Let $K$ be a field, $L/K$ ad $F/K$ field (algebraic) extensions, and let $\sigma:FL \longrightarrow \overline{K}$ be a field homomorphism (so is injective), where $\overline{K}$ is the algebraic closure of $K$ and $FL$ is the composite of $F$ and $L$ (the smaller subfield of $\overline{K}$ that contains both $F$ and $L$). How can I prove that $\sigma(FL)=\sigma(F)\sigma(L)$?
This is what I did: since $F,L \subseteq FL$ we have that $\sigma(F),\sigma(L) \subseteq \sigma (FL)$, so this means that, for the minimality of $\sigma(F)\sigma(L)$, we have that $\sigma(F)\sigma(L) \subseteq\sigma(FL)$.
Is this correct?

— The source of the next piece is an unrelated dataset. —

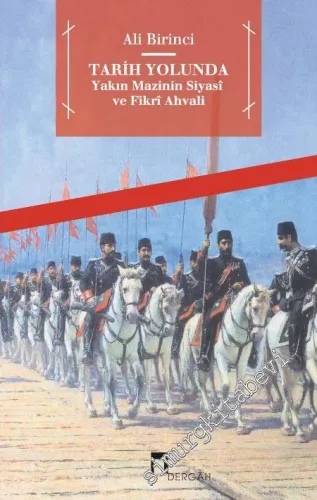 Tarih Yolunda: Yakın Mazinin Siyasi ve Fikri Ahvali -         2022
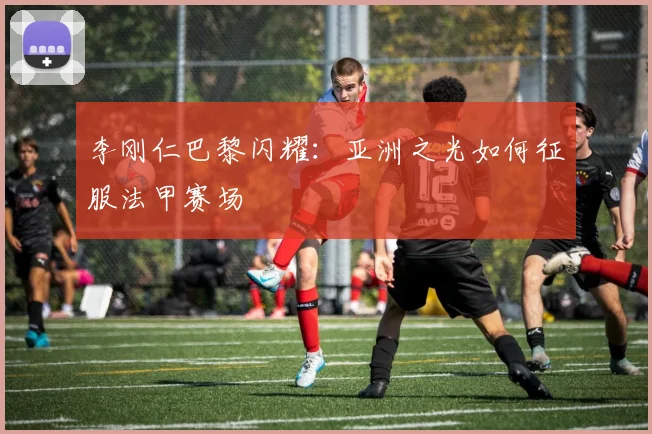 李刚仁巴黎闪耀：亚洲之光如何征服法甲赛场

How can I do the other inclusion?
This follows easily from the description via elements: $$\textstyle F \cdot L = \{\sum_i a_i b_i : a_i \in F, \, b_i \in L\}$$ But you can also prove it with the definition as the smallest subfield that contains both fields:
You have already proved $\sigma(F) \sigma(L) \subseteq \sigma(FL)$. Conversely, observe that $E := \sigma^{-1}(\sigma(F)\sigma(L))$ is a subfield of $FL$, and that $F \subseteq \sigma^{-1}(\sigma(F)) \subseteq E$ and similarly $L \subseteq E$. Hence, $FL \subseteq E$. This means $\sigma(FL) \subseteq \sigma(F) \sigma(L)$.